Somewhere below are a line with "Then this is" and a later line with "If you liked". Output exactly those lines and all lines between them.

• [Dataset records]:
========================================================================

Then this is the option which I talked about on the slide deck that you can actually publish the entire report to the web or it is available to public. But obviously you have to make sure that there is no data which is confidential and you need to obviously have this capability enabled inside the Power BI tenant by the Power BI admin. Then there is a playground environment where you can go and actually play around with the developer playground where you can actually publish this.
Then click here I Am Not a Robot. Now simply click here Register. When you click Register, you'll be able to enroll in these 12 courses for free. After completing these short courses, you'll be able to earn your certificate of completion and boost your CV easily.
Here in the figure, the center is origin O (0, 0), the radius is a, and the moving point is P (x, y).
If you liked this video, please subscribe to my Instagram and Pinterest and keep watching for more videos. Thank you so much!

========================================================================

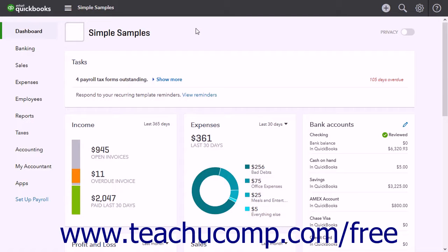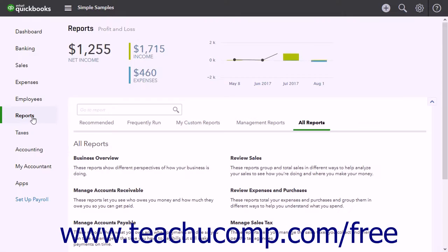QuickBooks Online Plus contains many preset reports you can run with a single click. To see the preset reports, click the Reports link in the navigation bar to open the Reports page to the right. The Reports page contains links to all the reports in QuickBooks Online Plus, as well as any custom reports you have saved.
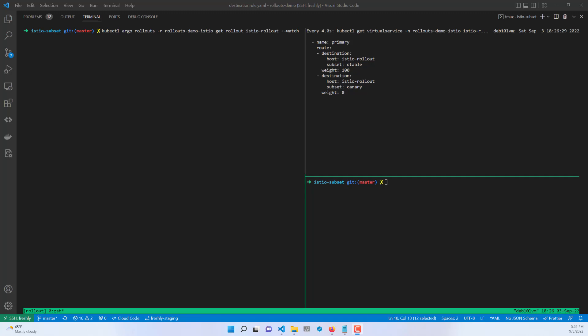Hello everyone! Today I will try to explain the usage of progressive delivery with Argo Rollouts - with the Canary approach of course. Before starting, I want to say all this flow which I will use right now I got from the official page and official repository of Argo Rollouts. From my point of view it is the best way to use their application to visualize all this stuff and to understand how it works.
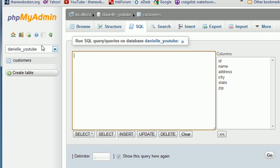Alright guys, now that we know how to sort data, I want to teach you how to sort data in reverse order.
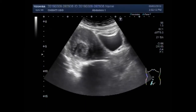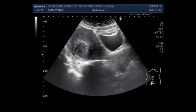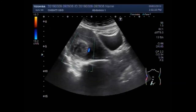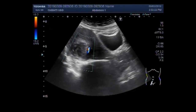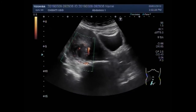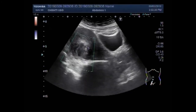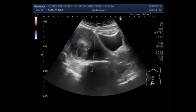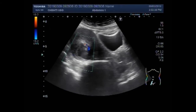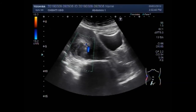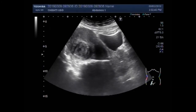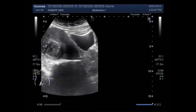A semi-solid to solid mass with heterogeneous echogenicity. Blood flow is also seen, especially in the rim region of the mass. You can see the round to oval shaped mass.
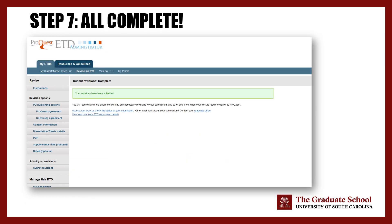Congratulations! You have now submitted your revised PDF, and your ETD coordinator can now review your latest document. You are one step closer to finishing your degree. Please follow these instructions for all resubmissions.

========================================================================

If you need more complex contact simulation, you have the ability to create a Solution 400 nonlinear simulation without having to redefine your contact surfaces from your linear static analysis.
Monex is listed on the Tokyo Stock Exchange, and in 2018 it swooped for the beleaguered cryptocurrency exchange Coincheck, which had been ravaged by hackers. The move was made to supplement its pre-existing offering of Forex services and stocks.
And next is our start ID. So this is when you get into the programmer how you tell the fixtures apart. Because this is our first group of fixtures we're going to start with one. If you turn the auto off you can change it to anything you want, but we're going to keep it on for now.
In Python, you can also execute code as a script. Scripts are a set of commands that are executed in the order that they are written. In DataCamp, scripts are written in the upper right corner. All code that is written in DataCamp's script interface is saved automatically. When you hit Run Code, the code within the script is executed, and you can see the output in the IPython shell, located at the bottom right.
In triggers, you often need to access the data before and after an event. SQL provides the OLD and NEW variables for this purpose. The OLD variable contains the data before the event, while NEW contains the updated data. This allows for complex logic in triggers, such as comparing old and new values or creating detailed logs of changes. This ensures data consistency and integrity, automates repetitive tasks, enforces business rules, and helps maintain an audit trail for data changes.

========================================================================

• [Written solution]:
Then this is the option which I talked about on the slide deck that you can actually publish the entire report to the web or it is available to public. But obviously you have to make sure that there is no data which is confidential and you need to obviously have this capability enabled inside the Power BI tenant by the Power BI admin. Then there is a playground environment where you can go and actually play around with the developer playground where you can actually publish this.
Then click here I Am Not a Robot. Now simply click here Register. When you click Register, you'll be able to enroll in these 12 courses for free. After completing these short courses, you'll be able to earn your certificate of completion and boost your CV easily.
Here in the figure, the center is origin O (0, 0), the radius is a, and the moving point is P (x, y).
If you liked this video, please subscribe to my Instagram and Pinterest and keep watching for more videos. Thank you so much!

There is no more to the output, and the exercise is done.